WHAT TO PRODUCE
Please restate every line below exactly, without any pictures.

THE DATA
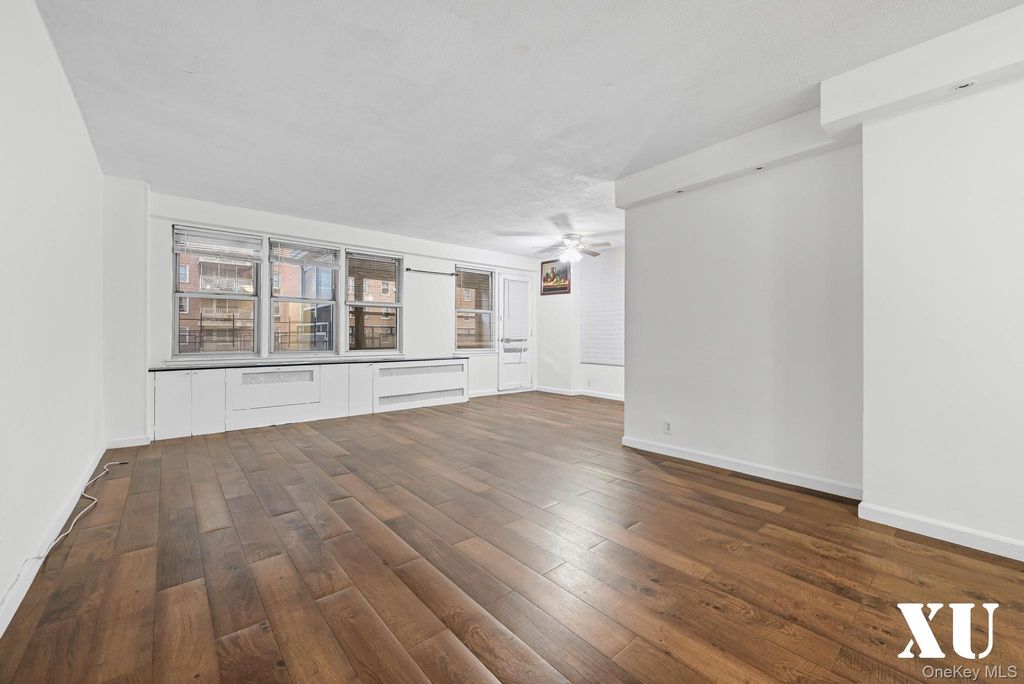 43-10 Kissena Boulevard 2, Flushing, NY 11355 — photo 3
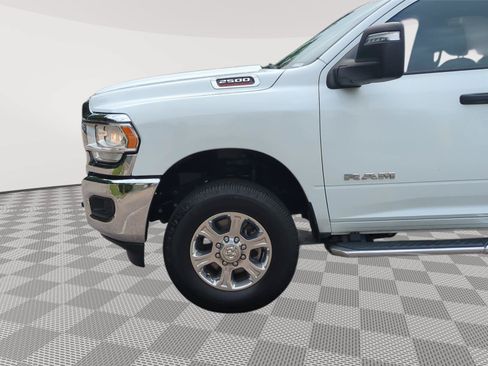 Used 2023 RAM 2500 Big Horn w/ Level 1 Equipment Group AWD/4WD image 15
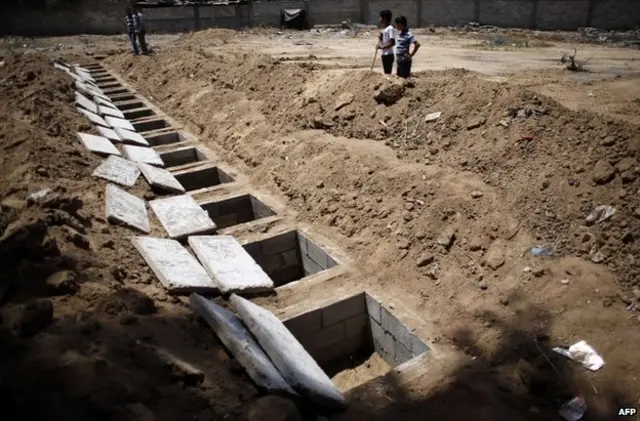 اسرائیل در یک حمله موشکی شنبه شب ١٧ نفر از اعضای یک خانواده فلسطینی را کشت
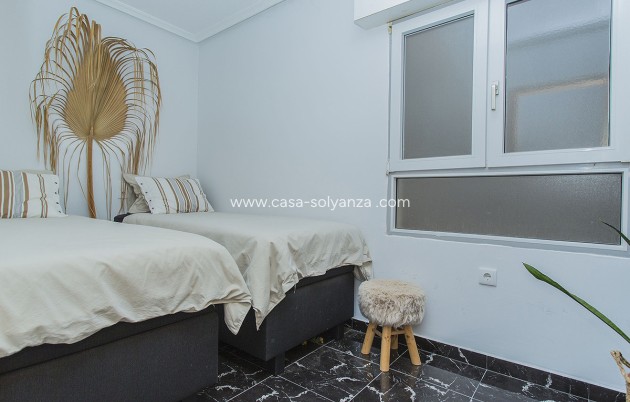 Resale - Apartment / flat - Torrevieja - La Mata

EXERCISE OUTPUT
 43-10 Kissena Boulevard 2, Flushing, NY 11355 — photo 3
 Used 2023 RAM 2500 Big Horn w/ Level 1 Equipment Group AWD/4WD image 15
 اسرائیل در یک حمله موشکی شنبه شب ١٧ نفر از اعضای یک خانواده فلسطینی را کشت
 Resale - Apartment / flat - Torrevieja - La Mata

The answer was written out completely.